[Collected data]
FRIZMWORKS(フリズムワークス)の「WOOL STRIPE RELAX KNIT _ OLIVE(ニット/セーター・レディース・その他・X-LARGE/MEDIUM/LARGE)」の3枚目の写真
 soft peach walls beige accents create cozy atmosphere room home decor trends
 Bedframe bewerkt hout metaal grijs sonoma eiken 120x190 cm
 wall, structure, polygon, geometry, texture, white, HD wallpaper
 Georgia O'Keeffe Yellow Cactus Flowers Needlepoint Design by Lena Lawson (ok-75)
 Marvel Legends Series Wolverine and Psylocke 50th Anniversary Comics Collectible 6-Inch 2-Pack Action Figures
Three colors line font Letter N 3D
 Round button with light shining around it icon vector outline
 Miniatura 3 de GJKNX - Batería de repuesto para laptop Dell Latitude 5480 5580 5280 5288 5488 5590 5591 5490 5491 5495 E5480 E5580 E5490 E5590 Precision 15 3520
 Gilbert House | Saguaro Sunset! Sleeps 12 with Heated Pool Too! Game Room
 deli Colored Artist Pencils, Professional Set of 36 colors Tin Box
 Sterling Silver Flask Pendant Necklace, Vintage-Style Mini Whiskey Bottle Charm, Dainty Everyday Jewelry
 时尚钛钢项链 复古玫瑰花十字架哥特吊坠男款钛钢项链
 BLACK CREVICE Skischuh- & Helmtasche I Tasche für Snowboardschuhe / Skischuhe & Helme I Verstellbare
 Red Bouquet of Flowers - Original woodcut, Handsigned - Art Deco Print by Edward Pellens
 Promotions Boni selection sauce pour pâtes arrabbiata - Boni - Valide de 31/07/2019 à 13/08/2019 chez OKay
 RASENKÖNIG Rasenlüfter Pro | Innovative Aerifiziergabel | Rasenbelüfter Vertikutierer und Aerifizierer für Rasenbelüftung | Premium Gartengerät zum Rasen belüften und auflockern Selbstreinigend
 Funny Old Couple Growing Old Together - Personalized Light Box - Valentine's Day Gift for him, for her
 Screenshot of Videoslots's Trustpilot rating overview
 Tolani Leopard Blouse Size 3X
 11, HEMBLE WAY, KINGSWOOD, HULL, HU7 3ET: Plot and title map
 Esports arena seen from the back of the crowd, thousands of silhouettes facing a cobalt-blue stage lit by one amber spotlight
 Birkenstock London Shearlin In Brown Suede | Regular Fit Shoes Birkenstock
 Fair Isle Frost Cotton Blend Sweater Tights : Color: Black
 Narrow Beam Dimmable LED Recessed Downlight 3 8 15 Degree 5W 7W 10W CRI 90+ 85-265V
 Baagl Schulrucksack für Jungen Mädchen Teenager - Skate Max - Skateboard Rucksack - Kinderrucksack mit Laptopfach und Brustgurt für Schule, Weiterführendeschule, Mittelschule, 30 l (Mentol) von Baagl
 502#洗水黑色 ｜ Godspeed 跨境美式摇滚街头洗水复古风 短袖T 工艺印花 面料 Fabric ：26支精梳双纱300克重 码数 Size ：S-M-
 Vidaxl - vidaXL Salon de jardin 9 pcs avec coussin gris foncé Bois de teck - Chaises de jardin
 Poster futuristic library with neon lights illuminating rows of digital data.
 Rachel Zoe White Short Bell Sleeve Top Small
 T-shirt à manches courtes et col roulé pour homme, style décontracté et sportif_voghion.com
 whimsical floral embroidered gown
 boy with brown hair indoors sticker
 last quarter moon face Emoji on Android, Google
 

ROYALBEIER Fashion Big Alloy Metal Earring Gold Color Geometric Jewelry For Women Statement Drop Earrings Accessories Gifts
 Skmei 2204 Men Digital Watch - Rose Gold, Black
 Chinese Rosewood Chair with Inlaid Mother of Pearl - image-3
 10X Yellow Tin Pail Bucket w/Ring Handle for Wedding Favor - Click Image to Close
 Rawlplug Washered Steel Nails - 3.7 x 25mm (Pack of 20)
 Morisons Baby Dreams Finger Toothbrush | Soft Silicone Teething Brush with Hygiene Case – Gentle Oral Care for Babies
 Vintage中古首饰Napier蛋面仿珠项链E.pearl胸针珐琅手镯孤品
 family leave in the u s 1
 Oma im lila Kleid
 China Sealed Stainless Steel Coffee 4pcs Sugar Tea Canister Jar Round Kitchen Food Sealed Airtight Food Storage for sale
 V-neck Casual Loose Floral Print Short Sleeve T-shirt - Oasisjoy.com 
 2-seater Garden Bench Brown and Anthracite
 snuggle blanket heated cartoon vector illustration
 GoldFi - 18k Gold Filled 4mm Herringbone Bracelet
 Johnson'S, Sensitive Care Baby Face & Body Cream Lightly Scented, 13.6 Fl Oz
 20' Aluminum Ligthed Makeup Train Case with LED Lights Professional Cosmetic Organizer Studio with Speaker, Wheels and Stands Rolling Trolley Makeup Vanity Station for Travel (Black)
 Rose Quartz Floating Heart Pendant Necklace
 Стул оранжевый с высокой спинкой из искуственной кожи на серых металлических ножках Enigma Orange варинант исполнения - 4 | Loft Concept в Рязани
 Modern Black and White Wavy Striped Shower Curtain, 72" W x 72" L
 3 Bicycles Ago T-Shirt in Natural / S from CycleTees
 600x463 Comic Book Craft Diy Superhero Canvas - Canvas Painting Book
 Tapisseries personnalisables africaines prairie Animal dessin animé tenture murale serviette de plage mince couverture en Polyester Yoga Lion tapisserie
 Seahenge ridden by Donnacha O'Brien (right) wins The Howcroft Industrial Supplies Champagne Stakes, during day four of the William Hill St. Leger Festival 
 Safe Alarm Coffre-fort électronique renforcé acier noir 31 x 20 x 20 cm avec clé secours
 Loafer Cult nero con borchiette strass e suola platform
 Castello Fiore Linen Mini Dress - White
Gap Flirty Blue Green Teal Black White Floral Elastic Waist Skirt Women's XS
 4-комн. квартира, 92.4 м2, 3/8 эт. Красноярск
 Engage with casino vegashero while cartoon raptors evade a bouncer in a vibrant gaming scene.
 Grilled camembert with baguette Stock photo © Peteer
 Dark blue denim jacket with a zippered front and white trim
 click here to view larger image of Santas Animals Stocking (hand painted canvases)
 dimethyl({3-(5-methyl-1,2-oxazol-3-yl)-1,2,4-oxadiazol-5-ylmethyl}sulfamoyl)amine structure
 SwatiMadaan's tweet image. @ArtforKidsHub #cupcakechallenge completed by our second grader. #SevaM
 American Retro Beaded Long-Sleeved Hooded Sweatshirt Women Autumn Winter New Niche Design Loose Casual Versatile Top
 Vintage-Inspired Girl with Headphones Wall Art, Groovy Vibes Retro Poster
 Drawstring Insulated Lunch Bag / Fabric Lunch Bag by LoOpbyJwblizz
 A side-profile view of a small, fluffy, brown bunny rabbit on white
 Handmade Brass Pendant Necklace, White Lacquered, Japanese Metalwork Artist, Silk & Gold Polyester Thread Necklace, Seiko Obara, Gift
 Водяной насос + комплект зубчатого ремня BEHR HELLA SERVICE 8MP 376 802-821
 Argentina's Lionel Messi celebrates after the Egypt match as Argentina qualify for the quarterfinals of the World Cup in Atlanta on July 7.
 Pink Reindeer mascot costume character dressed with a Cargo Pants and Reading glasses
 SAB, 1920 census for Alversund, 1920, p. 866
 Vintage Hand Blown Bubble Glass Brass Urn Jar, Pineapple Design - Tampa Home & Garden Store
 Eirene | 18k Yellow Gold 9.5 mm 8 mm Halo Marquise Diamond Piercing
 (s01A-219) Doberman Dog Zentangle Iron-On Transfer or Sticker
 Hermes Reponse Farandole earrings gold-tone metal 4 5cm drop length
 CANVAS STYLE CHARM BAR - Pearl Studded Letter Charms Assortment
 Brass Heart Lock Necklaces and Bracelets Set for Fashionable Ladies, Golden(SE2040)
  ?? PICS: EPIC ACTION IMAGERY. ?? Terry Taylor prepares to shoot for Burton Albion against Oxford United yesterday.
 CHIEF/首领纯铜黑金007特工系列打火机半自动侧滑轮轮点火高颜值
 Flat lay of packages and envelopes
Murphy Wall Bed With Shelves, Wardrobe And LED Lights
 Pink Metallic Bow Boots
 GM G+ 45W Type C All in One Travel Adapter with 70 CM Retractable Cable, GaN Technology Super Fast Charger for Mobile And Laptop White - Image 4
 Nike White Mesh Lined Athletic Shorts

> _WHAT TO PRODUCE_
Taking the lines above, repeat exactly those from the line that contains "Chinese Rosewood Chair" through the line that contains "4-комн. квартира, 92.4", and both of those lines as well. Include nothing else.

> _TASK SOLUTION_
 Chinese Rosewood Chair with Inlaid Mother of Pearl - image-3
 10X Yellow Tin Pail Bucket w/Ring Handle for Wedding Favor - Click Image to Close
 Rawlplug Washered Steel Nails - 3.7 x 25mm (Pack of 20)
 Morisons Baby Dreams Finger Toothbrush | Soft Silicone Teething Brush with Hygiene Case – Gentle Oral Care for Babies
 Vintage中古首饰Napier蛋面仿珠项链E.pearl胸针珐琅手镯孤品
 family leave in the u s 1
 Oma im lila Kleid
 China Sealed Stainless Steel Coffee 4pcs Sugar Tea Canister Jar Round Kitchen Food Sealed Airtight Food Storage for sale
 V-neck Casual Loose Floral Print Short Sleeve T-shirt - Oasisjoy.com 
 2-seater Garden Bench Brown and Anthracite
 snuggle blanket heated cartoon vector illustration
 GoldFi - 18k Gold Filled 4mm Herringbone Bracelet
 Johnson'S, Sensitive Care Baby Face & Body Cream Lightly Scented, 13.6 Fl Oz
 20' Aluminum Ligthed Makeup Train Case with LED Lights Professional Cosmetic Organizer Studio with Speaker, Wheels and Stands Rolling Trolley Makeup Vanity Station for Travel (Black)
 Rose Quartz Floating Heart Pendant Necklace
 Стул оранжевый с высокой спинкой из искуственной кожи на серых металлических ножках Enigma Orange варинант исполнения - 4 | Loft Concept в Рязани
 Modern Black and White Wavy Striped Shower Curtain, 72" W x 72" L
 3 Bicycles Ago T-Shirt in Natural / S from CycleTees
 600x463 Comic Book Craft Diy Superhero Canvas - Canvas Painting Book
 Tapisseries personnalisables africaines prairie Animal dessin animé tenture murale serviette de plage mince couverture en Polyester Yoga Lion tapisserie
 Seahenge ridden by Donnacha O'Brien (right) wins The Howcroft Industrial Supplies Champagne Stakes, during day four of the William Hill St. Leger Festival 
 Safe Alarm Coffre-fort électronique renforcé acier noir 31 x 20 x 20 cm avec clé secours
 Loafer Cult nero con borchiette strass e suola platform
 Castello Fiore Linen Mini Dress - White
Gap Flirty Blue Green Teal Black White Floral Elastic Waist Skirt Women's XS
 4-комн. квартира, 92.4 м2, 3/8 эт. Красноярск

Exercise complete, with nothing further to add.